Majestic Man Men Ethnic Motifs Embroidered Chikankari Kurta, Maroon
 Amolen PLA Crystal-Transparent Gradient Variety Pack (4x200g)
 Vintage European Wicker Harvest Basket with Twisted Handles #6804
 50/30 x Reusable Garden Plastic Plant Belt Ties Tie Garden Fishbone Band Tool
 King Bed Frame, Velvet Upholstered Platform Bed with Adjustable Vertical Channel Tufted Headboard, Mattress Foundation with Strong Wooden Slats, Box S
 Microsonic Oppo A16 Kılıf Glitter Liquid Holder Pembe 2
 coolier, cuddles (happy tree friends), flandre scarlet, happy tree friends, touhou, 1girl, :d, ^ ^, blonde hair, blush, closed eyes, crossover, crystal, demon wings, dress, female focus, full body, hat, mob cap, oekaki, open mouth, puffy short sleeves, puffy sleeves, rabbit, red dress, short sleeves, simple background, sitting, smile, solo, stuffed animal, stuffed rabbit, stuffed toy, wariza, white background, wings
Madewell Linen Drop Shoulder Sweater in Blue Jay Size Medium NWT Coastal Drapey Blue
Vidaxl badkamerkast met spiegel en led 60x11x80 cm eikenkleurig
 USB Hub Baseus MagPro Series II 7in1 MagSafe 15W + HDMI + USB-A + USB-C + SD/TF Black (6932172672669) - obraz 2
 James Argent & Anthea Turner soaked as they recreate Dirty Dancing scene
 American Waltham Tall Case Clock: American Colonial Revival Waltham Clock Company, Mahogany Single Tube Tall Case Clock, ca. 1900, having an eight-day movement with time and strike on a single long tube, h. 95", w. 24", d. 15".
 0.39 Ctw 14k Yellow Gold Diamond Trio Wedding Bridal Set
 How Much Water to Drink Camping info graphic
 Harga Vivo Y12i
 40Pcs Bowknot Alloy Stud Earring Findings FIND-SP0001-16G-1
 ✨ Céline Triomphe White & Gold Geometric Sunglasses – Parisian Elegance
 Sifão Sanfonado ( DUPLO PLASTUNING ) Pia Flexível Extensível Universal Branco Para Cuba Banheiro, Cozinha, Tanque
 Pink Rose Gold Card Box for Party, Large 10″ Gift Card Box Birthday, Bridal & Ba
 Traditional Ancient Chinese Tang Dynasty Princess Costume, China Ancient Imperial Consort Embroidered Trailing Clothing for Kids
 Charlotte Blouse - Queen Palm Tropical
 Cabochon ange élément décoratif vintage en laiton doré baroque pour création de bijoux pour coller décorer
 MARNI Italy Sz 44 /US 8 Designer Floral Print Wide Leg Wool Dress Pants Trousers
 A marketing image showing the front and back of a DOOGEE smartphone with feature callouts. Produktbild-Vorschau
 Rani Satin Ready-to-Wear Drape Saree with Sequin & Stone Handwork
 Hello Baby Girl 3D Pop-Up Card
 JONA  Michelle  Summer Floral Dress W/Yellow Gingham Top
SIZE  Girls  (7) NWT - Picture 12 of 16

**WHAT YOU WILL DO**
Reproduce exactly, please, only the lines from the start of the data above to the line that contains "Microsonic Oppo A16", with both ends kept.

**YOUR SOLUTION**
Majestic Man Men Ethnic Motifs Embroidered Chikankari Kurta, Maroon
 Amolen PLA Crystal-Transparent Gradient Variety Pack (4x200g)
 Vintage European Wicker Harvest Basket with Twisted Handles #6804
 50/30 x Reusable Garden Plastic Plant Belt Ties Tie Garden Fishbone Band Tool
 King Bed Frame, Velvet Upholstered Platform Bed with Adjustable Vertical Channel Tufted Headboard, Mattress Foundation with Strong Wooden Slats, Box S
 Microsonic Oppo A16 Kılıf Glitter Liquid Holder Pembe 2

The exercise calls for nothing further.